Le début de l’année 2025 marque un tournant inquiétant pour l’économie ultramarine. Les faillites d’entreprises explosent, avec des hausses record en Guadeloupe et à Mayotte. C’est ce qui ressort de la dernière publication de l’IEOM, parue le 21 juillet dernier.
Une dynamique nationale sous tension : les Outre-mer n’échappent pas à la vague
Alors que la France métropolitaine commence à ralentir la cadence des procédures collectives (+12,2 % contre +15,3 % fin 2024), les territoires ultramarins voient au contraire les signaux se dégrader. À la fin du 1er trimestre 2025, 2 368 défaillances d’entreprises y sont recensées (hors Polynésie), en hausse de 8,9 % sur un an glissant — une accélération par rapport aux +5,2 % enregistrés en fin d’année dernière.
Les secteurs les plus impactés : l’hébergement-restauration s’effondre littéralement avec une envolée de 32,4 % de défaillances, suivi des services aux entreprises (+18,8 %) et du commerce (+12,1 %). Dans la construction, secteur historiquement sensible, la tendance semble enfin se stabiliser avec une très légère progression de 1,1 %, alors qu’il reste le poids lourd des faillites ultramarines (près de 20 % des procédures).
Ce retournement marque la fin d’une période de répit pour les économies insulaires, pourtant encore marquées par les effets post-Covid et les tensions inflationnistes.
Guadeloupe, Guyane, Mayotte : les zones rouges de la crise
Les chiffres du 1er trimestre 2025 montrent une accentuation brutale de la crise dans plusieurs territoires.
En Guadeloupe, les défaillances bondissent de 29,5 % en un an, frôlant le record historique de 2014 (408 procédures contre 411 à l’époque).

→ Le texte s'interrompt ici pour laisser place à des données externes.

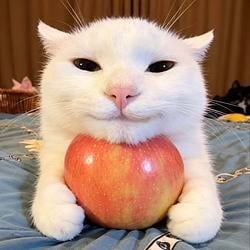 ACAT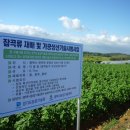 안성잡곡 이미지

La situation est comparable en Guyane, où les faillites grimpent de 27,5 % et à Mayotte, où l’on atteint une hausse spectaculaire de +44,1 %. Si les volumes bruts restent faibles (respectivement 65 et 49 procédures), ces augmentations traduisent une perte de résilience des économies locales fragiles.

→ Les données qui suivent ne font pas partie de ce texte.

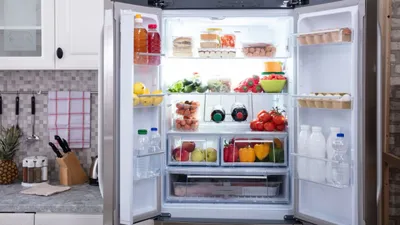 refrigerators  5 સ્ટાર રેટિંગ સાથેનું સૌથી સસ્તું ફ્રિજ  જે તમારું વીજળીનું બિલ અડધાથી પણ ઓછું કરી દેશે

En Martinique, la hausse est plus contenue (+2,0 %), mais elle survient après un trimestre de recul inédit (-4,9 % fin 2024), ce qui suggère une fragilité persistante. Les signaux d’alerte sont donc généralisés, même là où les chiffres paraissent moins inquiétants.

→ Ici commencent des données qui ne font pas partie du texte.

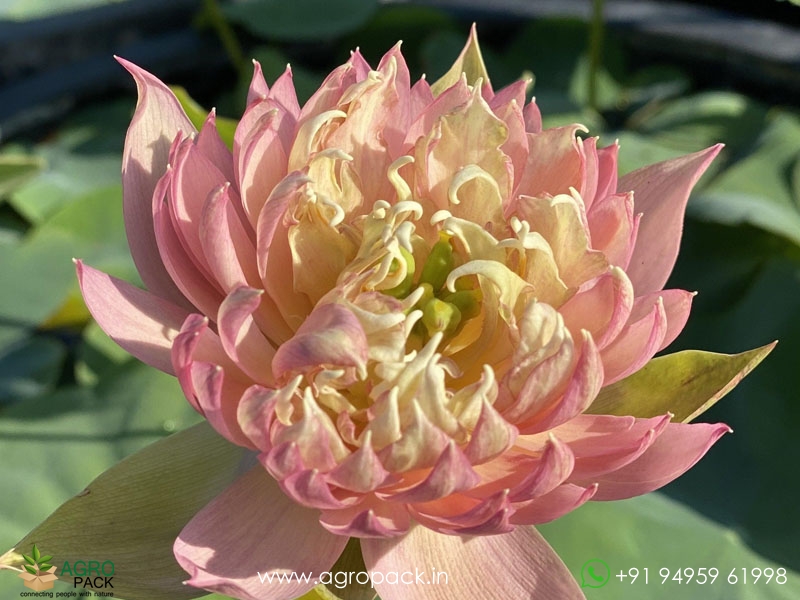 Feather-Skert-Bowl-Lotus6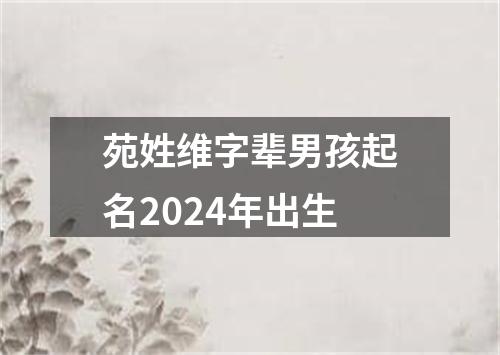 苑姓维字辈男孩起名2024年出生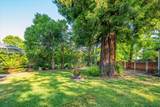 800 Gold Street - Photo 9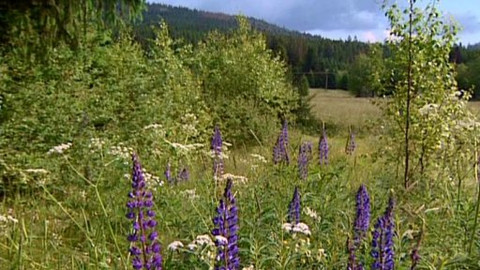 Kapitolky o havěti - 1/10 Louka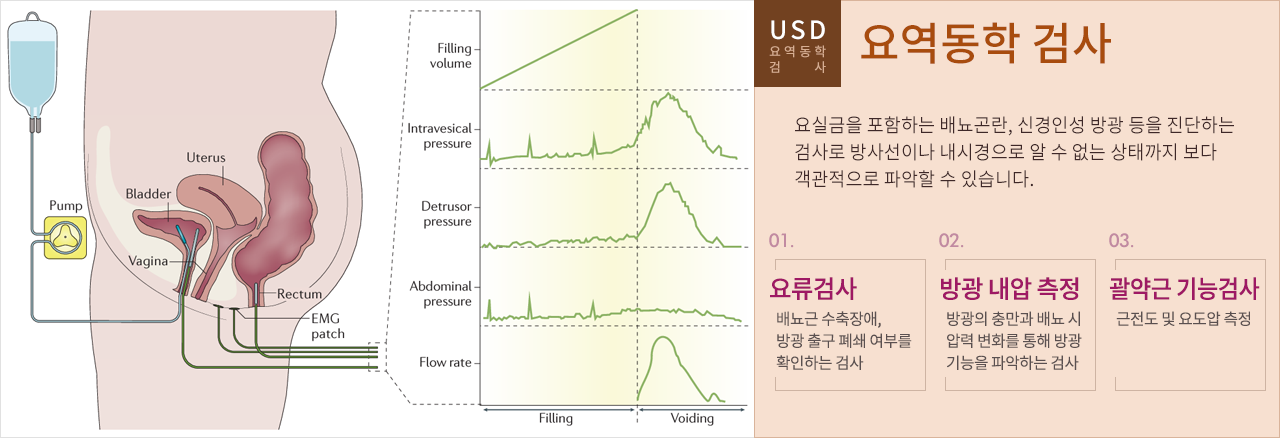 요역동학 검사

Ces hausses reflètent des difficultés structurelles : dépendance à l’importation, manque d’investissement, faible renouvellement entrepreneurial… Autant de facteurs qui fragilisent les tissus économiques insulaires en période de resserrement du crédit et de contraction de la demande.
Nouvelle-Calédonie : un paradoxe en trompe-l’œil
Alors que la tendance est à la dégradation dans la quasi-totalité des DROM-COM, la Nouvelle-Calédonie fait figure d’exception. Pour le troisième trimestre consécutif, le territoire affiche une baisse spectaculaire de -23,3 % des défaillances d’entreprises, avec 283 procédures recensées.
C’est un contraste saisissant quand on connaît la gravité de la situation économique calédonienne : crise nickel, instabilité politique, climat social tendu depuis les émeutes de mai 2024… En réalité, cette embellie n’est qu’apparente : elle s’explique principalement par les mesures d’urgence massives mises en place pour soutenir les entreprises sinistrées — reports de charges, aides exceptionnelles, moratoires bancaires.
Ce repli pourrait donc être temporaire, voire artificiel. Sans relance structurelle, l’économie calédonienne risque de retrouver rapidement le chemin des tribunaux de commerce une fois les aides épuisées. Le véritable test viendra au second semestre.
Le 1er trimestre 2025 confirme une détérioration préoccupante de la santé des entreprises ultramarines, avec des territoires comme la Guadeloupe, la Guyane ou Mayotte en zone critique. Si la Nouvelle-Calédonie bénéficie encore de mesures de soutien, le répit pourrait être de courte durée. Partout ailleurs, l’hébergement, le commerce ou les services paient le prix d’un environnement économique dégradé. Le gouvernement devra rapidement adapter ses dispositifs d’accompagnement, sous peine de voir s’aggraver une fracture économique déjà bien visible.